Standout Tartan shortstop to play for Gophers
ST. PAUL, Minn. -- No one is giggling at Ryan Abrahamson today. Abrahamson took his share of hazing when he sprouted to 6 foot 4 after his sophomore year, and Tartan baseball coach Curt Russell left him at shortstop. There were more giggles on th...
ST. PAUL, Minn. -- No one is giggling at Ryan Abrahamson today.
Abrahamson took his share of hazing when he sprouted to 6 foot 4 after his sophomore year, and Tartan baseball coach Curt Russell left him at shortstop. There were more giggles on the ice. Abrahamson was almost an inch taller in skates as a forward for Tartan's hockey team.
As the one-liners flowed, Abrahamson tuned out the rhetoric and focused on improving his skills, particularly on the baseball field. Yes, 6-4 is quite tall for a shortstop, but few high school players in Minnesota were as productive -- at the plate or in the field -- as the Tartan graduate demonstrated this season.
"I guess things turned out OK," Abrahamson said. "I never thought I would be in a position like this. You always think there's somebody out there better than you."
Not this year. Abrahamson led Tartan to a 19-5 finish, which included a 6-0 performance as a pitcher. He batted .452 and set single-season school records with 13 homers and 49 runs batted in. Twenty-six of his 38 hits went for extra bases.
The long ball, a consistent part of Abrahamson's offense, helped him earn a scholarship at the University of Minnesota. His bat also attracted moderate interest from the Twins, who chose him in the 40th round of last week's major-league amateur draft.
For a kid teased because of his height, life is pretty cool right now.
Baseball became Abrahamson's priority as soon as Tartan's 2008-09 hockey season ended. He scored 16 goals but had no interest in putting on skates again.
Another change is awaiting Abrahamson as he prepares to join the Gophers' program.
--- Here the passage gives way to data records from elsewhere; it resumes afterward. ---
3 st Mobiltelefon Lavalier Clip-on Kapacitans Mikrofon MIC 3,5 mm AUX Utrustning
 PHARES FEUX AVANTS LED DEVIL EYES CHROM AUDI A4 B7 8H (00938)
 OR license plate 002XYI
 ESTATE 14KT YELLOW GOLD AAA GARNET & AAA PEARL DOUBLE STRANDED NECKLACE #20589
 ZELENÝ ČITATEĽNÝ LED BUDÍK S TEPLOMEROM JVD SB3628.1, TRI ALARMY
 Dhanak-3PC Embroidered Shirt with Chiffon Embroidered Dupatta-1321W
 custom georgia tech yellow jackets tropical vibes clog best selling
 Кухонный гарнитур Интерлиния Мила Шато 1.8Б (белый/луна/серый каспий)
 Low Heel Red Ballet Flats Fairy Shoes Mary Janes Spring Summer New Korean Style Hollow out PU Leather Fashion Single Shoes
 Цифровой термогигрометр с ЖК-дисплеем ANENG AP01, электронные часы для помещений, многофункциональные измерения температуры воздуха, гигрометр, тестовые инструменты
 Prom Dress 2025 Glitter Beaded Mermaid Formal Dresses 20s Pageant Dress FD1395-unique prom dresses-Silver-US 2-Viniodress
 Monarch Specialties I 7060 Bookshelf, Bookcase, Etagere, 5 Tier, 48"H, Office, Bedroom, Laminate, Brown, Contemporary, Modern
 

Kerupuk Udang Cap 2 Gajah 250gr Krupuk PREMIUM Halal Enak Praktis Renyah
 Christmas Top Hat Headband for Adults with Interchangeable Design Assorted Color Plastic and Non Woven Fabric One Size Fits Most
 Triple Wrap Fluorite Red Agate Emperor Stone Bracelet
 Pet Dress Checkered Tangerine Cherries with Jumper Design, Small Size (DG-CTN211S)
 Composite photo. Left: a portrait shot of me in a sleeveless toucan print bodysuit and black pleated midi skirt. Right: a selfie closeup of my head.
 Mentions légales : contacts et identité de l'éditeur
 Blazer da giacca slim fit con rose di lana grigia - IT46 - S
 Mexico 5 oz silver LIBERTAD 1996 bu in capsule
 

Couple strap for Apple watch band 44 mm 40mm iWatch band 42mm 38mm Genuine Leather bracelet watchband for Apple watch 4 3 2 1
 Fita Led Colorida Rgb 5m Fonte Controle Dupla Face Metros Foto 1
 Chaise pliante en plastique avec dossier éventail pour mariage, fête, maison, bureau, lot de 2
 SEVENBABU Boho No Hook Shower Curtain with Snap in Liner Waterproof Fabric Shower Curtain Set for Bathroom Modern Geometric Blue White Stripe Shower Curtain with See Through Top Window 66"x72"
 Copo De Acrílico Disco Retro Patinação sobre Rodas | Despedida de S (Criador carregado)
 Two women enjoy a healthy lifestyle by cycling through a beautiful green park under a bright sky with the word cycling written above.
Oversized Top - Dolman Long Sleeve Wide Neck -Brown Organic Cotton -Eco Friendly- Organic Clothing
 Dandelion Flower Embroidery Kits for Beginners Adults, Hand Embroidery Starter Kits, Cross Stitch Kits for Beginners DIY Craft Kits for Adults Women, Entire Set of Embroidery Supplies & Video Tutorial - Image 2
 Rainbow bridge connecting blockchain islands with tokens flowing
Gophers coach John Anderson told him that he will be moved from shortstop to the outfield or first base.
"I'm OK with that," Abrahamson said of the position change. "I wasn't expecting to stay at shortstop in college. It doesn't matter that much where I play."
Abrahamson calls the Twins his "favorite baseball team," but he's leaning toward resuming his career in college.
Abrahamson had a special moment about a week before the draft. He and several local college players were invited by Twins player personnel officials to participate in a batting practice session at the Metrodome.
Tartan didn't play in the Metrodome during Abrahamson's career, so the session was a first-time experience for the slugger.
"It was really a lot of fun to hit in the Dome," Abrahamson said. "I was able to hit four or five over the wall."
At Tartan, Abrahamson's favorite moment had nothing to do with one of his big hits or dominant performances on the mound.
In a game against Cretin-Derham Hall this season, the score was tied in the seventh inning, and Tartan had runners on second and third with Abrahamson due up. The Raiders intentionally walked him, taking their chances with cleanup hitter Hogan Jackson.
Jackson hit a grand slam to win the game.
"That was such a good feeling to see that," Abrahamson said of Jackson's blast. "It showed that we had guys up and down our lineup who could produce. It wasn't about me all the time."